How to properly manage rabbitmq with supervisord - rabbitmq
The current section in my supervisord.conf looks like:
[program:rabbitmq]
command=/usr/sbin/rabbitmq-server
When I try to stop the rabbitmq with supervisord ( supervisorctl stop rabbitmq), the rabbitmq processes simply do not shut down. The rabbitmq documentation also mentions to never use kill but rather use rabbitmqctl stop . I'm guessing supervisord simply kills the processes - hence the poor results with rabbitmq. I couldn't find any options in supervisord to specify a custom stop command.

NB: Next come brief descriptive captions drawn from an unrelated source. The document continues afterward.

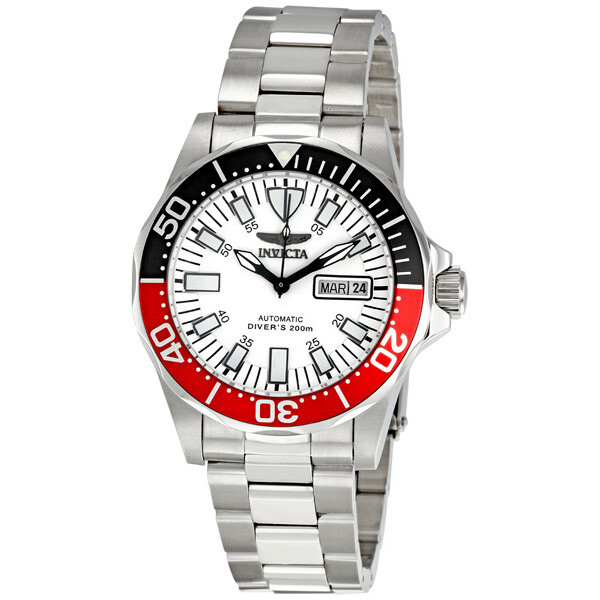 Invicta Signature Pro Diver Automatic White Dial Coke Bezel Men's Watch 7044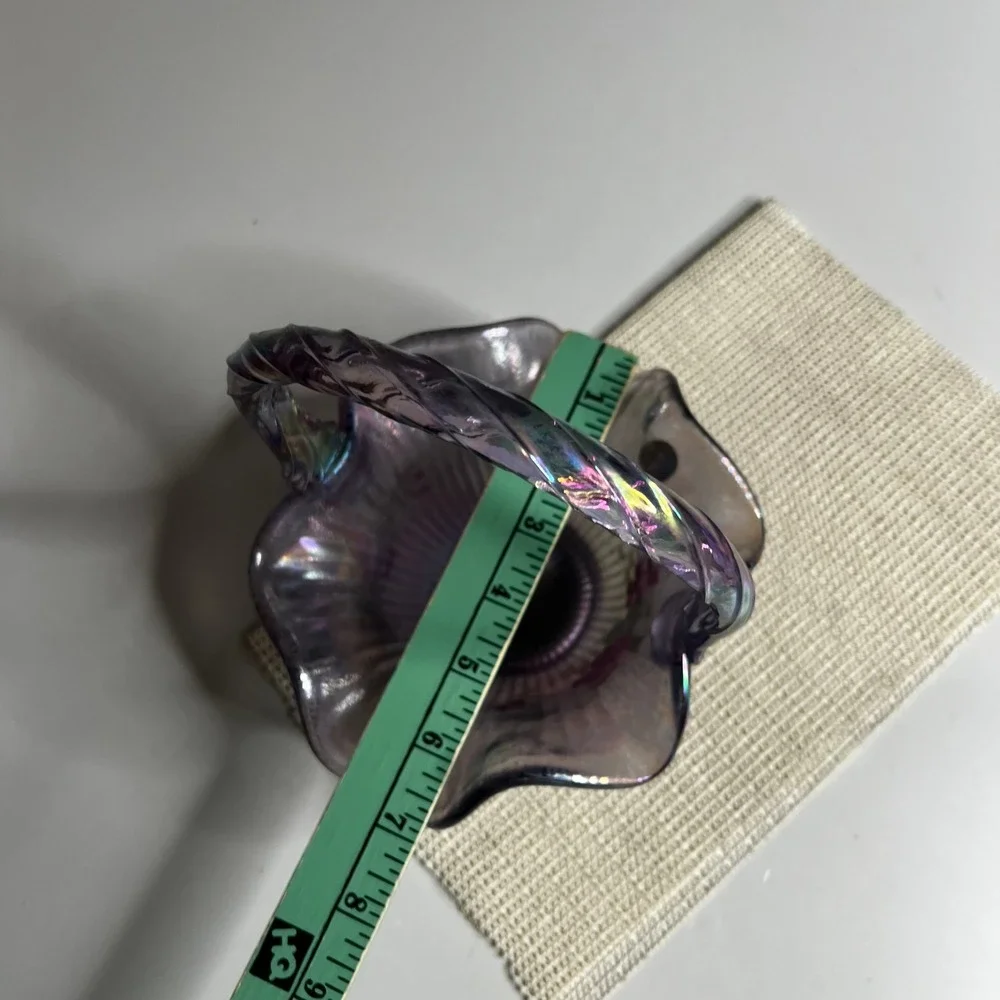 Fenton Purple Carnival‎ Glass Basket Hand Painted Floral Signed D Robinson 8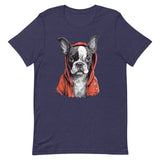 Boston Terrier in a Red Hoodie T-Shirt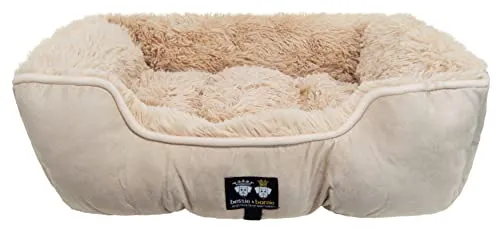 Bessie   Barnie Bolster Dog Bed - Extra Plush Faux Fur Dog Bed - Rectangle Soft Dog Bed - Calming Dog Bed - Durable and Washable, Bolster Beige, L - 42" (Bolster-BE-LG)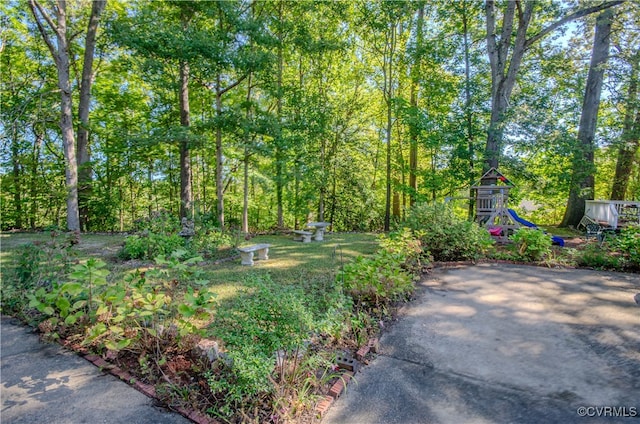 view of yard featuring a playground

Do you have any recommendations?
My solution is to write a wrapper script named rabbitmq.sh as follows:
# call "rabbitmqctl stop" when exiting
trap "{ echo Stopping rabbitmq; rabbitmqctl stop; exit 0; }" EXIT
echo Starting rabbitmq
rabbitmq-server
After that, modify supervisord.conf:
[program:rabbitmq]
command=path/to/rabbitmq.sh
You have answered your own question. In normal operation, never use kill on any process unless that is the documented normal way of managing it. In the case of RabbitMQ, the documented process is to use rabbitmqctl stop or to use rabbitmqserver stop.
There is no good reason to manage RabbitMQ with anything more sophisticated than a shell script that makes one attempt to restart via rabbitmqserver start. If that doesn't work right away, then RabbitMQ is down hard due to something like, lack of RAM, ran out of disk space, or a rogue system management tool deleted some of the rabbitmq binary components.
In normal operation RabbitMQ has an internal supervisor that will attempt to shutdown and restart RabbitMQ, so if you delete binaries, it will fail to restart. When using tools like chef, puppet, cfengine, don't repeatedly push out binary package files. Just check that everything is there as it should be.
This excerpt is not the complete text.